Let them eat cake: A look at the Dolphins’ new Thursday ritual that rewards players
The moment, during an otherwise unremarkable team meeting, was rather surreal.
“Emmanuel Ogbah… Come on down!’” safeties coach Joe Kasper shouted, as Ogbah recalled it.
Awaiting Ogbah after his walk to the front of the room: a three-tiered wedding cake, his reward for an interception during the previous Sunday’s 70-20 dismantling of Denver.
“It was amazing going down there, having your brothers cheering for you,” Ogbah said. “I knew I was going to get one. I didn’t know it was going to be like this!”
For Dolphins players, making a particularly effective block, or forcing a fumble, or snagging an interception doesn’t merely elicit the self-satisfaction of a job well done. This year, it also sometimes earns a sweet treat.
Dolphins coaches this season have begun awarding cakes -- one to three a week -- to players who do something that gets the coaching staff’s attention from the previous week’s game, usually involving protecting or snatching the football.

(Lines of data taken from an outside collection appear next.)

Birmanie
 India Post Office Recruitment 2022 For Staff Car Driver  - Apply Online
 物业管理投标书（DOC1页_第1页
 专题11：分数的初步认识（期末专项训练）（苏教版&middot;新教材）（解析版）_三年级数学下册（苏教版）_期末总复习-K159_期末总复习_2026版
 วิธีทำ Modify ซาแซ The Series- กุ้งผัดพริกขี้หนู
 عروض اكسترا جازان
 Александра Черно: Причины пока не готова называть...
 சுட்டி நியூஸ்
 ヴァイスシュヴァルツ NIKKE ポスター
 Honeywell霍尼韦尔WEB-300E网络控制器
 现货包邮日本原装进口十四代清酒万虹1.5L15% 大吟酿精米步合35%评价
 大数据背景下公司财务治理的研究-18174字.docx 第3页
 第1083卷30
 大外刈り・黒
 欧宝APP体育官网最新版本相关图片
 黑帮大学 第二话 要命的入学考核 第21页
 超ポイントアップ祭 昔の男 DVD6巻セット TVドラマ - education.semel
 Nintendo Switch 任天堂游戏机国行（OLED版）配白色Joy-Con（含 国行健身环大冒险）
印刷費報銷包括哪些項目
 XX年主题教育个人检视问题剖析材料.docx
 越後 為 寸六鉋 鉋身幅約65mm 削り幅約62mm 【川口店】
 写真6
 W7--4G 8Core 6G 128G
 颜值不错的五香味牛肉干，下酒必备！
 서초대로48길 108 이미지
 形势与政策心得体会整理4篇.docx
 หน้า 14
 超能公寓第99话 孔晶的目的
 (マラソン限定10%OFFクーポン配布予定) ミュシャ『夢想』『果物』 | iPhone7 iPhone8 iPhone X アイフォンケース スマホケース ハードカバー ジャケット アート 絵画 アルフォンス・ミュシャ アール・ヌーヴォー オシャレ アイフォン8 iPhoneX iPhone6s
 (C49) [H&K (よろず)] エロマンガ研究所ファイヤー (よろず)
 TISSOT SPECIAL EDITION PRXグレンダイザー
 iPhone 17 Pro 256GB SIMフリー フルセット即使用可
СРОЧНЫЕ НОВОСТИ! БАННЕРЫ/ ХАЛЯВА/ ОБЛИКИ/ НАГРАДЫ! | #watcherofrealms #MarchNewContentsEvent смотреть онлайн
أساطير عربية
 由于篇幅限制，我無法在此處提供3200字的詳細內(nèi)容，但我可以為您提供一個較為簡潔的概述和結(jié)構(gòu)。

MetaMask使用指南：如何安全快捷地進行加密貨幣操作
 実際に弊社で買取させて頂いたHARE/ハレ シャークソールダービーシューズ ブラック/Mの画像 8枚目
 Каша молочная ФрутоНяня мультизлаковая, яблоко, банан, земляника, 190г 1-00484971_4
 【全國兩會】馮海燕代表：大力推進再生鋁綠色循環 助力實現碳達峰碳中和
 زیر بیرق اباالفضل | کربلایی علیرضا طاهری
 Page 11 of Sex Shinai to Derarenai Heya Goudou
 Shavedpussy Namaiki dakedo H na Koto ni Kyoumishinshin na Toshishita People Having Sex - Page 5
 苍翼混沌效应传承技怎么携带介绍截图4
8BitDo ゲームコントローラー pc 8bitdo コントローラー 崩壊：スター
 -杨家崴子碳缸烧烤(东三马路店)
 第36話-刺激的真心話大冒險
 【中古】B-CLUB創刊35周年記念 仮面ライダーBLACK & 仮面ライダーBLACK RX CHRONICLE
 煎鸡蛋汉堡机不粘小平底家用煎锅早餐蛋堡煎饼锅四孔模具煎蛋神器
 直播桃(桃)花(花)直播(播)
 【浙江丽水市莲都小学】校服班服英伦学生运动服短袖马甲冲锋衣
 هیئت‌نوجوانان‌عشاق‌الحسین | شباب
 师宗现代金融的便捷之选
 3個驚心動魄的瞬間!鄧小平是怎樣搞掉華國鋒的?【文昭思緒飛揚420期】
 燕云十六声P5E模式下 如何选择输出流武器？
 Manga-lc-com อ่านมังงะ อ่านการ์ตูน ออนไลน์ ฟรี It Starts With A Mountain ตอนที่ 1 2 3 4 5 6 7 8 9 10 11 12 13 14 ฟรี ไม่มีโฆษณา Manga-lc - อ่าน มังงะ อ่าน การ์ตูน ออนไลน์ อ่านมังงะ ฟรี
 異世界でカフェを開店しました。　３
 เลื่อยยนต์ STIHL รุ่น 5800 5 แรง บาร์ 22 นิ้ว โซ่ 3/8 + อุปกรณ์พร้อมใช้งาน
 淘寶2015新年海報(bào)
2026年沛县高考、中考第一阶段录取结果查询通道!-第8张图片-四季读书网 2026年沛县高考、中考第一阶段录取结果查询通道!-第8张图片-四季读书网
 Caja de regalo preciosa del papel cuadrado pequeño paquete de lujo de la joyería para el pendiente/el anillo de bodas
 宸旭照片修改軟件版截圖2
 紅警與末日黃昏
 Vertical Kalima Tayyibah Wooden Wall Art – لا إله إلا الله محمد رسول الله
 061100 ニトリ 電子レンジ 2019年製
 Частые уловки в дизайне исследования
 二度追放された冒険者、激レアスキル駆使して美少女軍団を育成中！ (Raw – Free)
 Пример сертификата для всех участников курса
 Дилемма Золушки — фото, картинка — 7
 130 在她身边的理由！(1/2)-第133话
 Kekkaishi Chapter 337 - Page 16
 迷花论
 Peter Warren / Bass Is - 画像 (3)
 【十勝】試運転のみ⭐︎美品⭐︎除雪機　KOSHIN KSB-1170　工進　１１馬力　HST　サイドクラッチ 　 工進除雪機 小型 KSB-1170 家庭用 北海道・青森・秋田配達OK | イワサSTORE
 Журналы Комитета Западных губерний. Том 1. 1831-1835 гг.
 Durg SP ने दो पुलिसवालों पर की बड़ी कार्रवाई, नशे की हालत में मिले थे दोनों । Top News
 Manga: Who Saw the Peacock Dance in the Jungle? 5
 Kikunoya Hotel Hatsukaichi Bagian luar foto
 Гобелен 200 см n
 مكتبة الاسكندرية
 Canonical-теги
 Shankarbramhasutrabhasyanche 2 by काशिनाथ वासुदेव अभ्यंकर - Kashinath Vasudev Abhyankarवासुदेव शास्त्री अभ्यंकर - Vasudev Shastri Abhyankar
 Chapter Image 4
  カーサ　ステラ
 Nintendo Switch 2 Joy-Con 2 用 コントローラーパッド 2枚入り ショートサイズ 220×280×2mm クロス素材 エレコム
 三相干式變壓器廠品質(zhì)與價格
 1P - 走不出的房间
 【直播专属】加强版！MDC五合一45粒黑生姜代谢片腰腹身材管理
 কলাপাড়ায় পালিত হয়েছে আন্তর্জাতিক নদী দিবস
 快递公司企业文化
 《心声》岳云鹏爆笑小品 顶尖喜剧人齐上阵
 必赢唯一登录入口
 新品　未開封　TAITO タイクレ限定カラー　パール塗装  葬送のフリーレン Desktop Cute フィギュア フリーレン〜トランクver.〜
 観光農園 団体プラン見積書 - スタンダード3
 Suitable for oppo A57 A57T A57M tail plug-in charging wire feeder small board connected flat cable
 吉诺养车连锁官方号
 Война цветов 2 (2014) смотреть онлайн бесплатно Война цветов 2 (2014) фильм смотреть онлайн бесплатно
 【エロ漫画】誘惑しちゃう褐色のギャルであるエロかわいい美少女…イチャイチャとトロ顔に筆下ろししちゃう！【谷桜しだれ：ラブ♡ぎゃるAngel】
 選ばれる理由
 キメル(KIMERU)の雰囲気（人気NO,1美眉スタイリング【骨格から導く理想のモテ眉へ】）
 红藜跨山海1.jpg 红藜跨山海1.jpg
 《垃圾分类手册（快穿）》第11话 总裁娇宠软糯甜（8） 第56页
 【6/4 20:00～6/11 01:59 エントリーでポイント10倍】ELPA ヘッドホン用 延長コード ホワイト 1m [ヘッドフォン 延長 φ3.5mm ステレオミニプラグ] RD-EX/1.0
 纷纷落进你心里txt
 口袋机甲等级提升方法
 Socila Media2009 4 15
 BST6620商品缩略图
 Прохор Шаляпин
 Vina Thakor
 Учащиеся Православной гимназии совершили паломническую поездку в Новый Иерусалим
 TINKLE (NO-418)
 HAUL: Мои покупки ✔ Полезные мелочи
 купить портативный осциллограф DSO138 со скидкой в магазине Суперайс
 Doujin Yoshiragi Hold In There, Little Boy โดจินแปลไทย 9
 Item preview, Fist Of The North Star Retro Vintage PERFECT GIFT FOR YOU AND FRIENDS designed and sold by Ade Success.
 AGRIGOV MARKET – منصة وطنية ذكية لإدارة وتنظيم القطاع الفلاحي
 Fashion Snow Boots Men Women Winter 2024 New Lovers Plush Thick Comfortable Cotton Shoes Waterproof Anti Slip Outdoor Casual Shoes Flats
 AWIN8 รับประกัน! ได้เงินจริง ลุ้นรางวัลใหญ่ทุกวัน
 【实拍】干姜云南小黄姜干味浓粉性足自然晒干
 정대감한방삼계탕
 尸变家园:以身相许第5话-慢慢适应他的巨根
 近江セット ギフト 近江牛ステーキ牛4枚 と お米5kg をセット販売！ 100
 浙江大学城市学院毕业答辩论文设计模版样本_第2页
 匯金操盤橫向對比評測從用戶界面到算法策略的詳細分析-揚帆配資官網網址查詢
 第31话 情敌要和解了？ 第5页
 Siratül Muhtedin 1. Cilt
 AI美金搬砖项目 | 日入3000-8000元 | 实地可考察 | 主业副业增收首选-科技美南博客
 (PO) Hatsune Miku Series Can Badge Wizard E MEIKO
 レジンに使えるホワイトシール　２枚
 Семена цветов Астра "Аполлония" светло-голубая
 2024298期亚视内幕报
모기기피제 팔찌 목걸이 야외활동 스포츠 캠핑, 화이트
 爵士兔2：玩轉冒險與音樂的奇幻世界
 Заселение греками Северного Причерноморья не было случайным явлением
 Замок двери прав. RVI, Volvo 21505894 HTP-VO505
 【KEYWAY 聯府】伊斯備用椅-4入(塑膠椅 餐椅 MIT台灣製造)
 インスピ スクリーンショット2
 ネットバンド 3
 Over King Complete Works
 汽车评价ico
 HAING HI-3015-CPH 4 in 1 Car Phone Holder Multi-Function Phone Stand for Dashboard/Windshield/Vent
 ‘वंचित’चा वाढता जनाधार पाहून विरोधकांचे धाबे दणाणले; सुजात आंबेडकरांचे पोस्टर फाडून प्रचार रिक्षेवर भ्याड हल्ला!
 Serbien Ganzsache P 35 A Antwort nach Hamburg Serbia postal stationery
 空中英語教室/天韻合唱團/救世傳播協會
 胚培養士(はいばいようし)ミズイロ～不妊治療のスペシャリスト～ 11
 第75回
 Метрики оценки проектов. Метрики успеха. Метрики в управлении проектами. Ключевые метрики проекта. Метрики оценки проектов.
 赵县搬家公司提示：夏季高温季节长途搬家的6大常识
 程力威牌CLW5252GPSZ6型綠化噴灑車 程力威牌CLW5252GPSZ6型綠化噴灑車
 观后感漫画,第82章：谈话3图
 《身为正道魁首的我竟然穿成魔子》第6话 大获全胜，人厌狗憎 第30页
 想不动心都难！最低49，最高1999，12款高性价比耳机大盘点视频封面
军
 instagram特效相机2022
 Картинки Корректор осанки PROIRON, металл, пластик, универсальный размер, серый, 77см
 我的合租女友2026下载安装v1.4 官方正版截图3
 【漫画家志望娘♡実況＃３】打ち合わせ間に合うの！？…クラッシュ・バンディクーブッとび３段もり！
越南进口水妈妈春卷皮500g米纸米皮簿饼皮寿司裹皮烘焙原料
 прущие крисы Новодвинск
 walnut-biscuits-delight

“We were in the meeting a couple weeks ago,” rookie tight end Julian Hill said recently. “And I hear ‘Julian come down!’ What was cool was they had my face on the cake. The cake was humongous.”
Hill says he doesn’t even remember the play that earned him a cake, but running back Raheem Mostert — alert to everything going on around him — said it was for “his blocking abilities, protecting the ball, protecting the runner.”
Mostert received the first cake of the season, after an exemplary performance in the opener at the Chargers.
Allow Mostert to explain the cake protocol:
“When we have a ball meeting every Thursday, [coaches] talk about what we did to protect the ball and who stood out on tape protecting the ball on the offensive side. And on the defensive side, who got the ball out.”
Linebacker Jerome Baker said the Thursday “ball” meeting has value because “we go over who on that [upcoming opponent] that goes after the ball and is a target.”
Kasper typically announces who gets a cake, and the player walks to the front to retrieve it, like a game show contestant winning a prize. “It’s pretty funny,” Hill said.
But at Dolphins headquarters, all cakes are not created equal.
As Baker explains it, “if you get an interception as a defensive lineman, you get a wedding cake. If you score on defense, you get a wedding cake.”
Ogbah’s wedding cake — which could be cut into more than 20 slices — has been the most impressive to date, Mostert said.
But safety Jevon Holland created a challenge for Kasper when he forced three fumbles in the Denver game.
“Instead of Jevon getting three different cakes, they gave him a cookie cake,” Baker said. “And they’re all nice sized.”
Running back Chris Brooks got his cake for a block that Brooks didn’t even consider particularly impressive.
“It was the Giants game; I thought the block was all right,” he said before going on injured reserve recently. “I thought I could do better. I got a regular birthday cake, like the ones at Walmart.”
So do players gobble up the cakes themselves? “Most of them share it,” Baker said. “You will see them in the lunch room.”
Ogbah brought his cake home and invited over all the front seven Dolphins defenders for dinner and dessert.
But not even a group of NFL defensive linemen and linebackers could finish that cake on their own; Ogbah planned to take what was left of it back to team headquarters to share with the team’s video crew, but the cake slipped out of his hands and tumbled onto his garage floor as he was leaving his home.
“I cleaned it up pretty quickly,” he assured.
The rookie Hill isn’t sure what to do with his cake: “I got it in the freezer at home. Do I eat it and be fat? I’m trying to figure it out.”
Brooks said his cake is “still in the refrigerator here, free for whoever wants it. I don’t eat sweets that often.”
Ogbah smiles when discussing the Thursday ritual. “It’s cool,” he said. “Cool to do something different.”